Semantic Class Distribution Learning for Debiasing Semi-Supervised Medical Image Segmentation¶
Conference: CVPR 2026 arXiv: 2603.05202 Code: GitHub Area: Medical Imaging Keywords: Semi-supervised segmentation, class imbalance, distribution learning, proxy distribution, semantic anchors
TL;DR¶
This paper proposes SCDL (Semantic Class Distribution Learning), a plug-and-play module that learns structured class-conditional feature distributions and aligns them bidirectionally with learnable class proxies via Class Distribution Bidirectional Alignment (CDBA). Combined with Semantic Anchor Constraints (SAC), which leverage annotated data to guide proxies toward correct semantics, SCDL mitigates both supervision bias and feature representation bias in semi-supervised medical image segmentation (SSMIS), achieving notable improvements on tail-class organs.
Background & Motivation¶
-
Background: Semi-supervised medical image segmentation (SSMIS) trains on a small amount of labeled data combined with abundant unlabeled data.

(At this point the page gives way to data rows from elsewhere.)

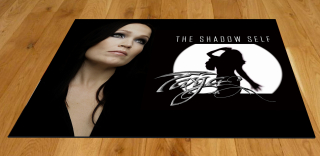 Mini Carpet-Tarja 2
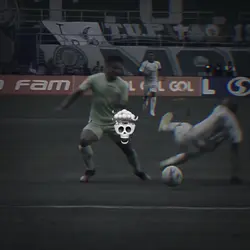 FUTEBOL TROLL EDIT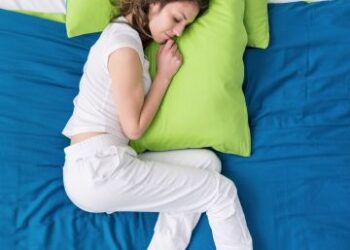 Bad Posture Can Aggravate Back Problems During Periods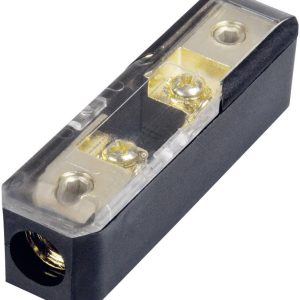 Uchwyt bezpiecznika Car HiFi, mini Sinuslive SH-175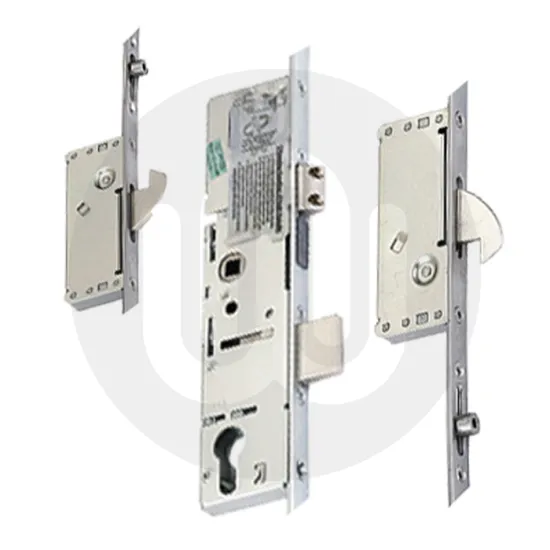 Surelock 2 Hook 2 Roller Replacement 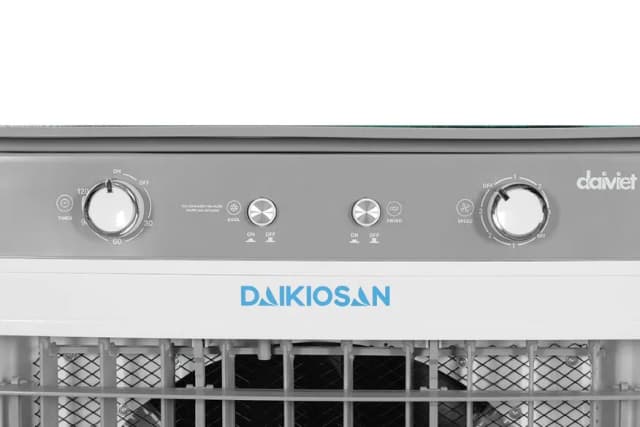 So sánh giá Quạt điều hoà Daikiosan DM202 210W rẻ nhất? - Ảnh 12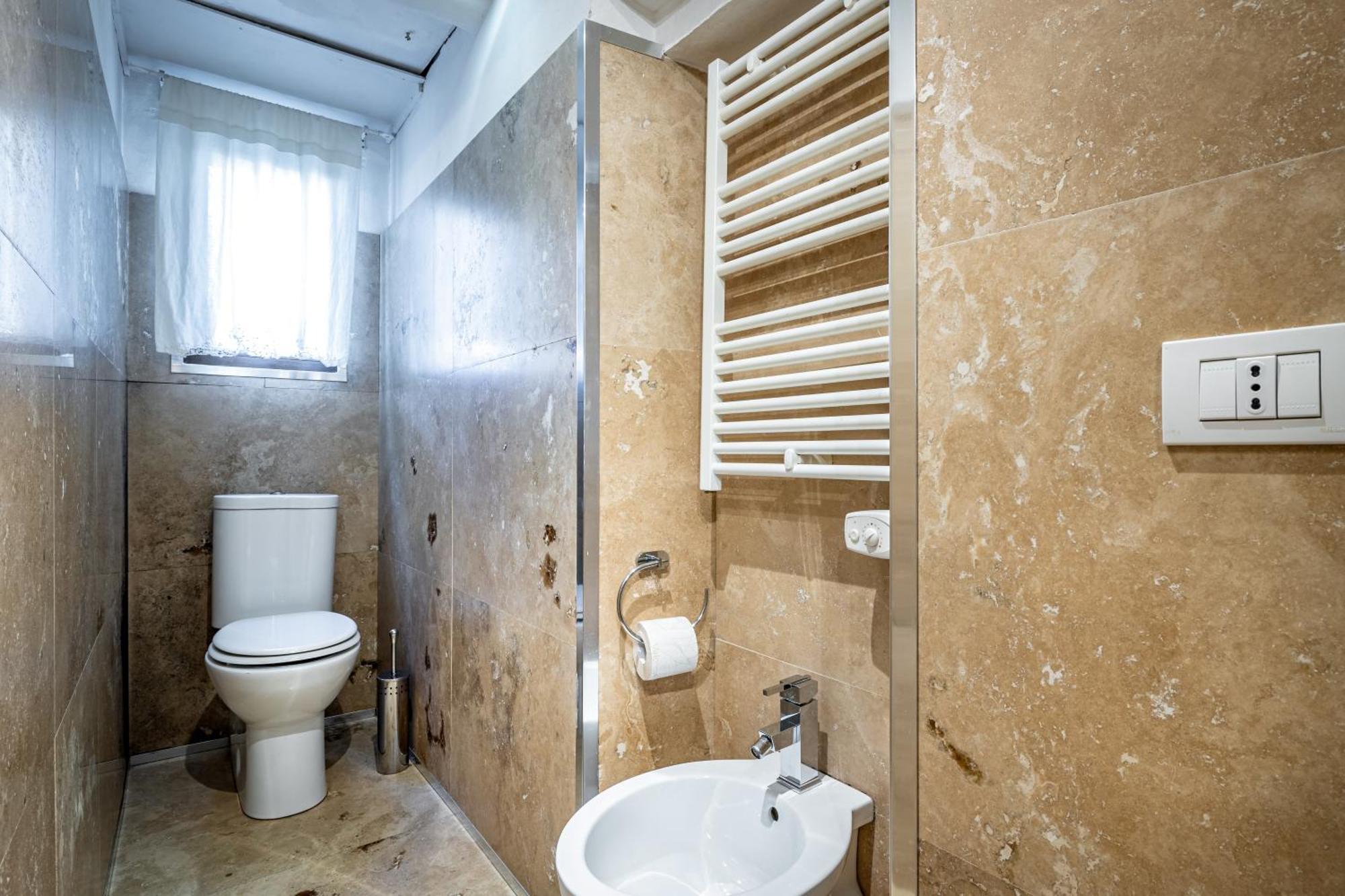 Apartamento Roommo San Iacopino *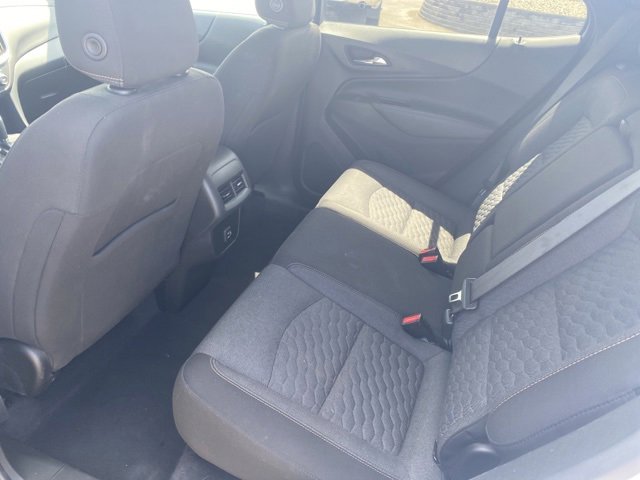 Used 2021 Chevrolet Equinox LT image 11
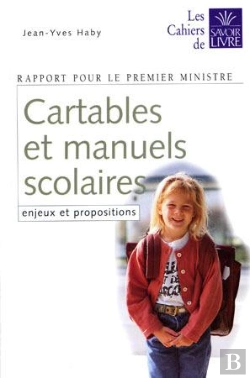 Bertrand.pt - Cartables Et Manuels Scolaires, Rapport Pour Le Premier Ministre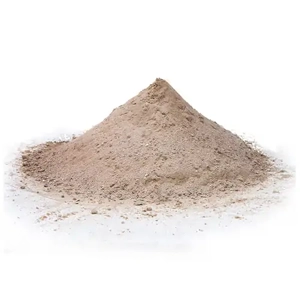 Silica Sand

Mainstream approaches include consistency regularization, contrastive learning, and pseudo-labeling. However, medical image datasets commonly exhibit severe class imbalance—large organs (e.g., liver) occupy the majority of pixels, while small organs (e.g., esophagus, adrenal glands) contribute very few.
-
Limitations of Prior Work: The combination of class imbalance and semi-supervised mechanisms introduces bias at two levels. (1) Supervision signal bias: pixel-level gradients dominated by large classes and the self-reinforcing nature of pseudo-labels both skew supervision toward head classes. (2) Feature representation bias: existing methods (re-weighting, output calibration) operate only at the loss or output layer, providing no direct constraints on class-conditional feature distributions, causing head-class features to be compact while tail-class features remain dispersed and are "absorbed" by head classes in the feature space.
-
Key Challenge: Unlabeled data is primarily used for local consistency regularization and rarely to explicitly correct the skew in class-conditional feature distributions—thus unlabeled data fails to help minority classes establish adequate feature representations, and imbalance persists.
-
Goal: To directly alleviate representation bias caused by class imbalance at the feature-space level, rather than addressing it only at the loss or output layer.
-
Key Insight: Learn a proxy distribution (Gaussian) for each semantic class, enforce bidirectional alignment so that embeddings are attracted to their corresponding proxy while proxies are repelled from non-target embeddings, and use semantic anchors from annotated regions to provide correct semantic supervision for the proxies.
-
Core Idea: By learning class-conditional proxy distributions and enforcing bidirectional alignment, SCDL directly reshapes the class distribution structure in the feature space, ensuring that minority classes also receive stable representation learning signals.
Method¶
Overall Architecture¶
SCDL is integrated into existing semi-supervised segmentation networks as a plug-and-play module. It comprises two core components: CDBA, which establishes a learnable proxy distribution for each class in the embedding space output by the encoder and enforces bidirectional alignment between embeddings and proxies; and SAC, which extracts semantic anchors from annotated regions to supervise proxy learning. Structured prior information constructed via proxy sampling is then injected into each decoder stage to enhance tail-class feature representations.
Key Designs¶
-
Class Distribution Bidirectional Alignment (CDBA)
-
Function: Learn structured class-conditional feature distributions to mitigate representation bias.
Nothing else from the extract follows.